Chaper 38: Worries With Love

192 8 0
                                    

"You are so perfect Miranda." Jay said still panting and sweating from what we had just done.

"No Jay you are the perfect one." I said.

"Thank you, I love you." He said.

"I love you to." I said.

"I've realized something." Jay said.

"What?" I asked.

"This is the first time we made love and I didn't have to worry about you going back to Jon after. Da** it feels good to." He said.

"It feels good to be in your arms, but unfortunately I have to go take a shower." I said and I got out of bed.

"Wait stop!" Jay said.

"What?"

"Puts your hands up, just remember anything you say will and can be held against you, so say my name." He said.

"Jay your so gross!" I yelled.

"You know you love it!" He yelled back.

"Wanna take a shower with me?" I asked

"Yes!" He said leading us into the bathroom.

.

.

.

(Jon's part).

I spent an hour listening to Miranda and Jay make love, and believe me she and him got some chemistry. I hated listening to their love sounds, I use to be the cause of hers. I pushed her away though, I cheated, I lied, I made empty promises, I made her cry, and I made her heart break. I wanted to fight for her back, but I couldn't. I wanted to but I just didn't have the strength to fight for her back. No one did in this point of her and Jay's relationship. It would have to be a miracle for that to happen. She is an angel and she deserves a good man and Jay is that good man. He is that good man I want to be. That good man that should be marrying her and the one to have kids with her. I needed to be a perfect guy for her to come back to her, and everyone knows I'm far from perfect, and she liked that most about me at least that is what she said. I think she got sick of me a long time ago.
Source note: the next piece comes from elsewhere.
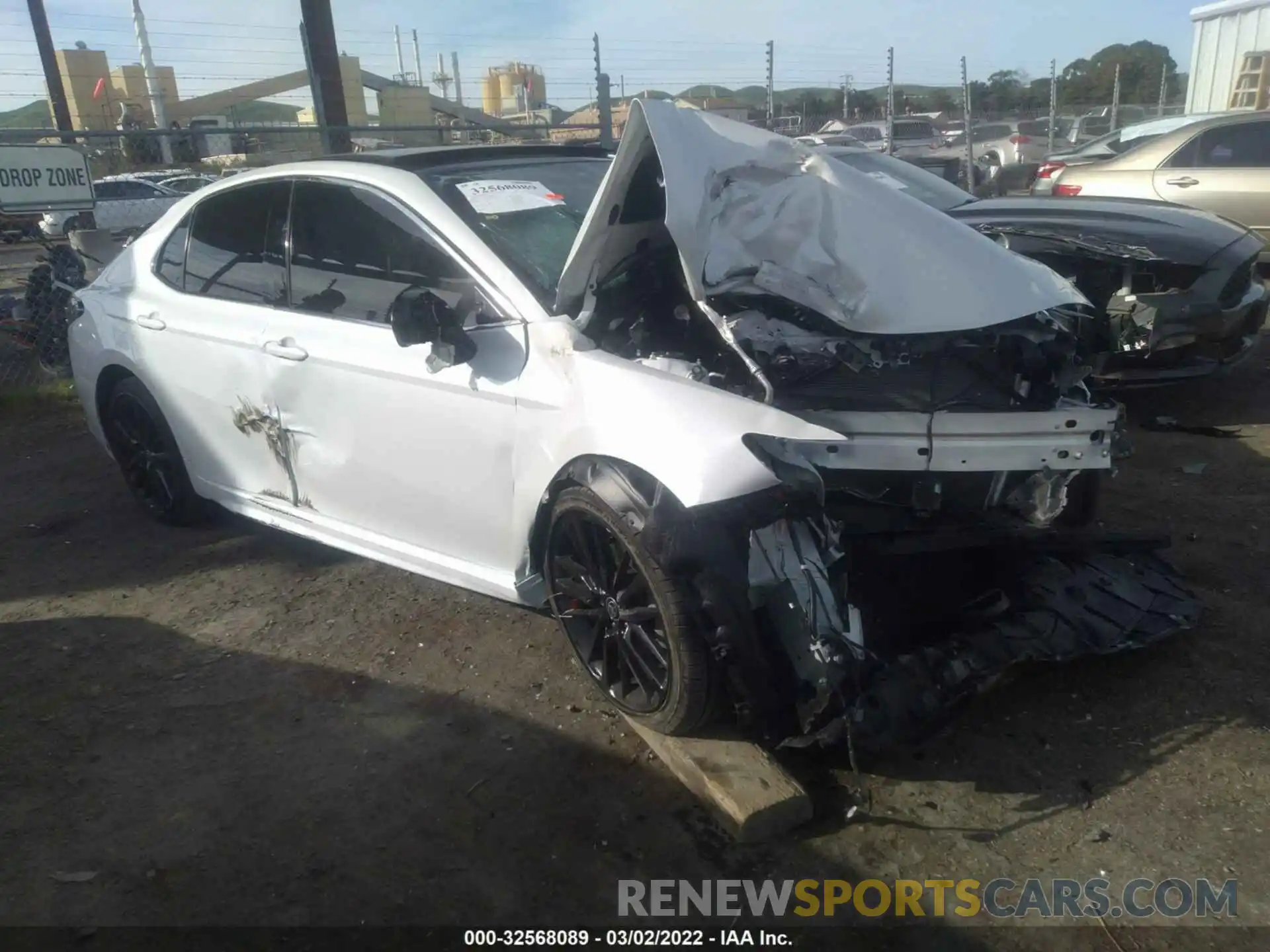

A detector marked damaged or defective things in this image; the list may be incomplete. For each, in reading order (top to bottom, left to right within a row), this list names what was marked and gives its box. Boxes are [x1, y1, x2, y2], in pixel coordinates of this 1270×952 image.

I just never wanted to let go of her because I didn't want her to run away like everything else in my life. But she did and there is no more fire or even sparks anymore. Just me down on a cold hard floor trying to figure out how to pick the broken pieces and put them back together with bandages. It's useless, but I refuse to give up because I'm Jonathan Good and I've been broken one to many times and I've learned a lot from love, if you hold on to tight it leaves and if you hold on to loosely it leaves, but if you hold on just right it stays forever and right now I'm holding on to loosely. I'm going to try and win her back and I'm not going to quit until she says I do to him at a chapel.